TextBoxes: A Fast Text Detector with a Single Deep Neural Network

Published 21 Nov 2016 in cs.CV | (1611.06779v1)

Abstract: This paper presents an end-to-end trainable fast scene text detector, named TextBoxes, which detects scene text with both high accuracy and efficiency in a single network forward pass, involving no post-process except for a standard non-maximum suppression. TextBoxes outperforms competing methods in terms of text localization accuracy and is much faster, taking only 0.09s per image in a fast implementation. Furthermore, combined with a text recognizer, TextBoxes significantly outperforms state-of-the-art approaches on word spotting and end-to-end text recognition tasks.

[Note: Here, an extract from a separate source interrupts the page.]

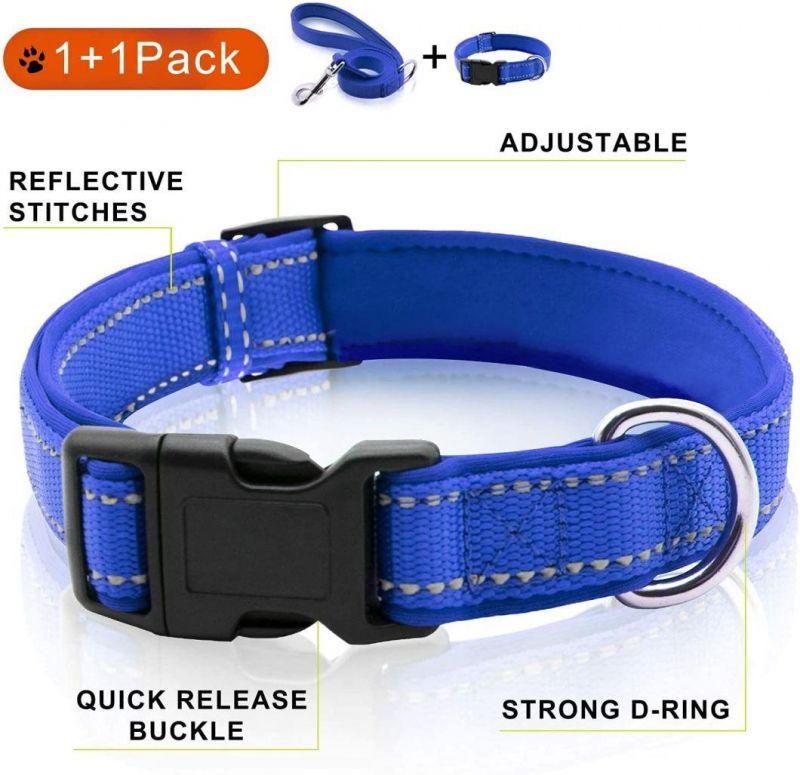 Nylon Dog Collar with Quick Release Premium ABS Made Buckle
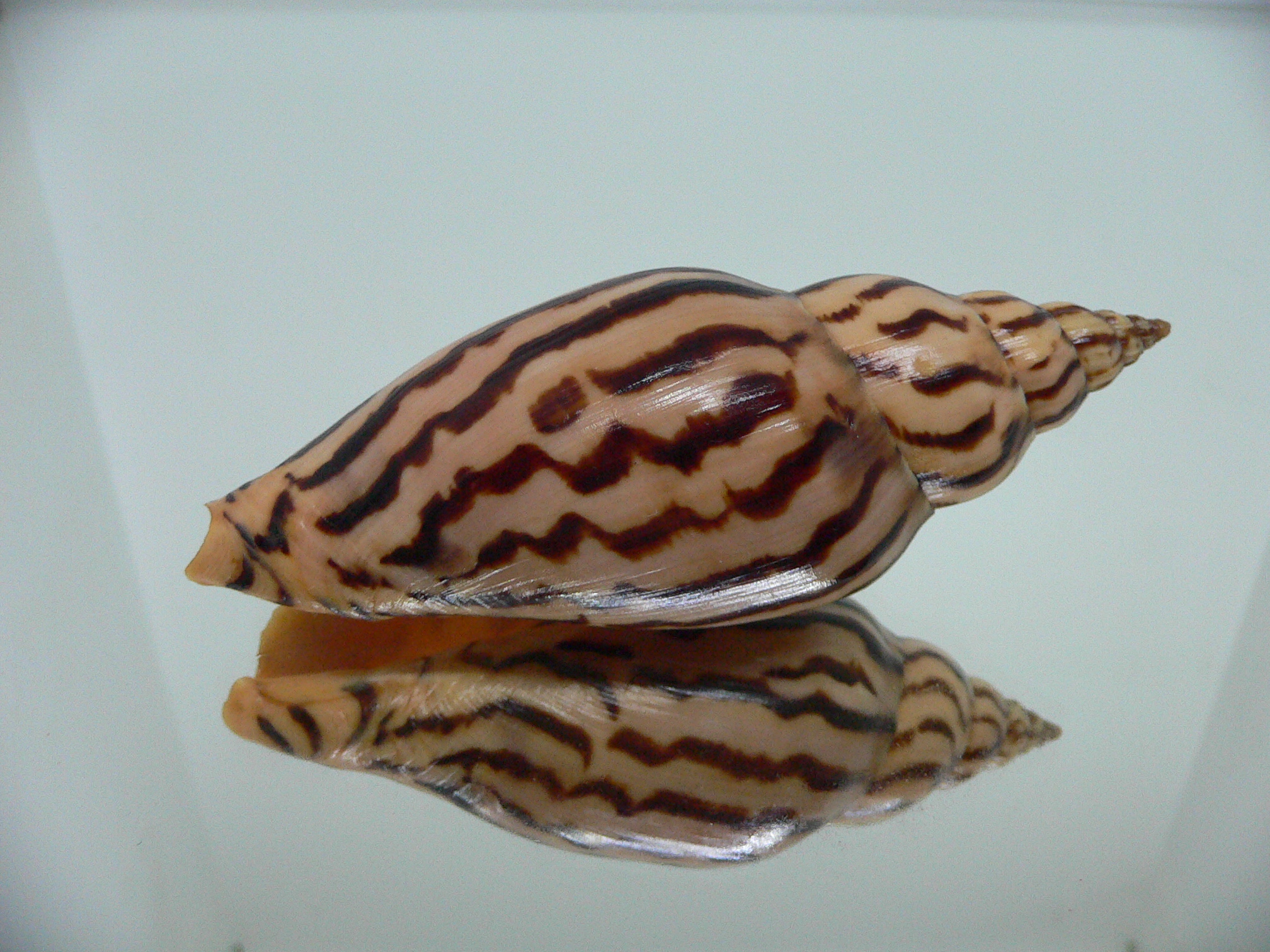 Harpulina lapponica loroisi INTERESTING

Abstract PDF Upgrade to Chat

Citations (836)

View on Semantic Scholar

Summary

The paper proposes a novel architecture that uses a fully convolutional network with specialized text-box layers to directly predict word bounding boxes.
It achieves an F-measure of 0.85 on ICDAR benchmarks and processes images in just 0.09 seconds per inference, demonstrating superior speed and accuracy.
The method leverages multi-scale inputs and vertical default boxes to robustly handle varying text sizes and aspect ratios in complex scenes.

An Analytical Review of "TextBoxes: A Fast Text Detector with a Single Deep Neural Network"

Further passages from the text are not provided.